Vector Notation

## Vector Notation

Vectors are quantities that have both a magnitude and a direction.

Write the vector in a column, with the movement in the x-direction being the top number and the movement in the y-direction being the bottom number.

A vector ((5),(7)) gives a displacement in the positive x direction, and 7 in the y direction.

Vectors are written in a number of ways.

The vector may be written to indicate the start and end points: vec(AB). Direction is important: the vector is going from A to B.

The vector can also be shown as a single letter: this is printed as a (bold a). When writing by hand, underline the letter: ul(a).

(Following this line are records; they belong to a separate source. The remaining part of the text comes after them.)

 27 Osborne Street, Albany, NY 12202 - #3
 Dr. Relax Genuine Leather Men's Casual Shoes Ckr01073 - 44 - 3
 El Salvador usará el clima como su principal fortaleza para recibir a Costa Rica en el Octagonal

Note that these all describe the same vector:

vec(AB) = ul(a) = a

A vector that is equal to another vector has the same magnitude and direction, although they may not necessarily be from the same location.

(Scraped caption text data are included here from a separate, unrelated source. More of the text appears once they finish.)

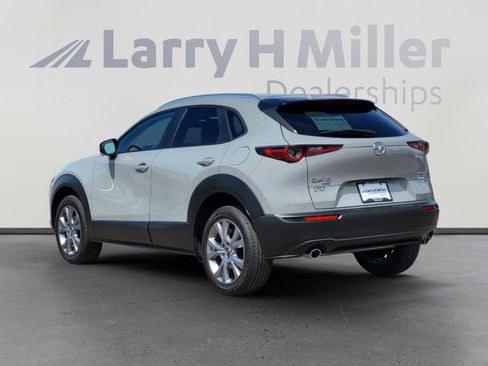 Used 2026 MAZDA CX-30 AWD 2.5 S image 6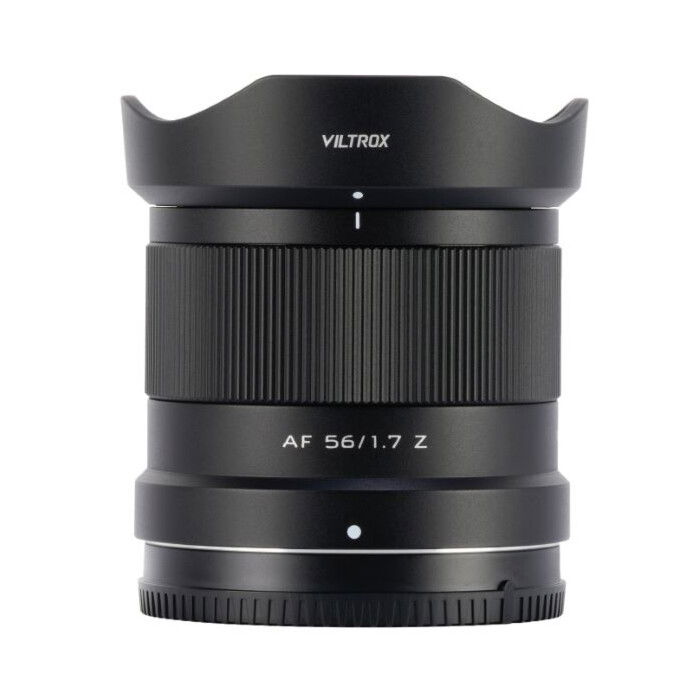 VILTROX AF 56/1.7 P/NIKON Z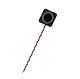 PUI Audio AS02704MS-N50-LW100-R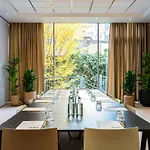 Tribe Hotel Dusseldorf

Vector vec(BA) is a vector going from B to A. Because it is going in the opposite direction, it is the negative of the original vector.

Vector vec(AB) = -vec(BA)

Or using the other syntax:

If vector vec(AB) = a and vec(BA) = b, then

a = - b

## Example 1

A vector is defined as vec(AB) = ((3),(4)). A second vector is defined as vec(CD) = ((7),(4)).

Does the vector vec(AB) move the same amount in the y direction as -vec(CD)?

The negative in front of the vector makes the x and y movements opposite.

Answer: No, as vec(AB) moves 4 in the y-direction. -vec(CD) moves -4 in the y-direction as it takes the negative value of the vector.

## Example 2

Vector a is defined as ((-3),(-4)). Vector b is defined as ((4),(3)). Does a = -b?

When answering a yes/no question, always provide a valid reason.

Answer: No; neither the x-displacement nor the y-displacement are equal and opposite.